Она без умолку говорила о себе. Из меня, должно быть, вышел бы первоклассный психиатр. Женщины определенного типа, лет тридцати с небольшим, обманутые в своих ожиданиях, доведенные до ручки мужчинами (Дженнифер Ардаг, Лоррейн Робертсон), обретают во мне идеального отца-исповедника. В случае С. я сам на это напросился, поскольку упорно задавал ей вопросы, которые она ненавидит, но в которых, как мне кажется нуждается: иными словами, ей нужно, чтобы, тактично обходя ее уловки, ее загоняли в угол.

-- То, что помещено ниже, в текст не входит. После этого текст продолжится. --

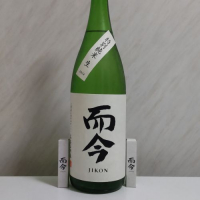 三重県の酒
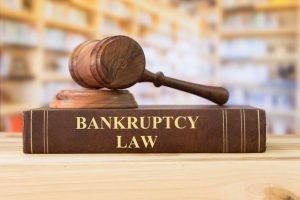 how to file bankruptcy oklahoma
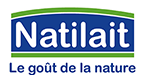 NATILAIT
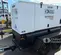 2022 Generac MMG45IF4 Diesel Generator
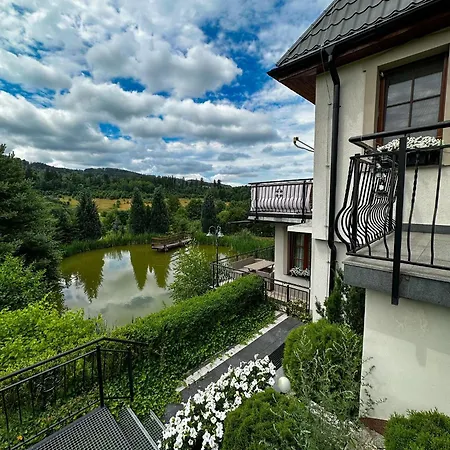 Calma - - Luxusu Hotel *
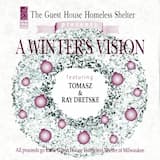 A Child was Born in Bethlehem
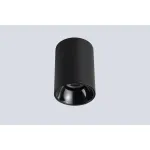 Потолочный светильник Crystal Lux CLT 084 CLT 084C BL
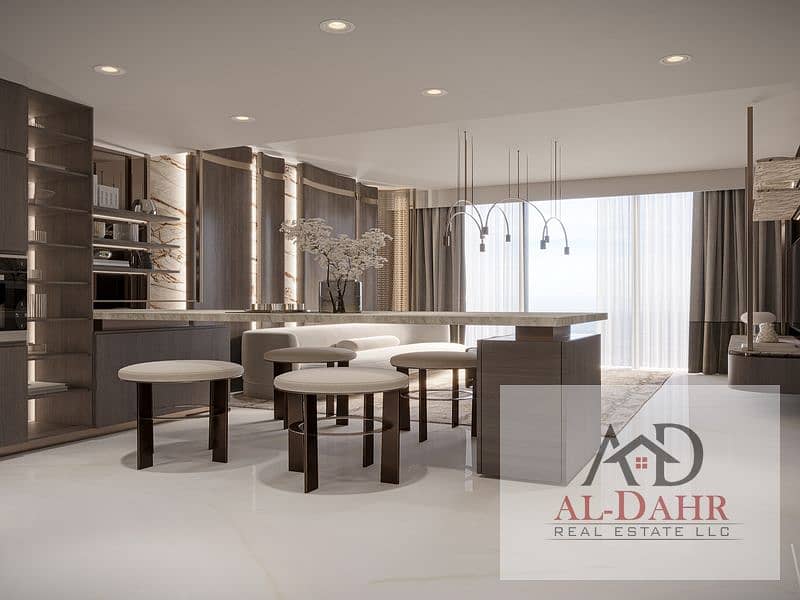 1bhk_View01. jpg 1bhk_View01. jpg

Тот вечер был очень любопытен. Под конец мы прохаживались вверх и вниз по Тоттнем-Корт-роуд; и я ощутил, как к старому чувству горечи — оттого, что я никогда не смог бы быть С ней близок (так взираешь на гору, на которую никогда не взойдешь, или страну, в которую никогда не поедешь), — примешивается печаль за нее, теплота и жалость. В своей обычной уклончивой манере она пыталась выразить то же самое — позволив себе проявить малую толику непосредственного чувства, которое тотчас спрятала, завуалировав какой-то банальностью.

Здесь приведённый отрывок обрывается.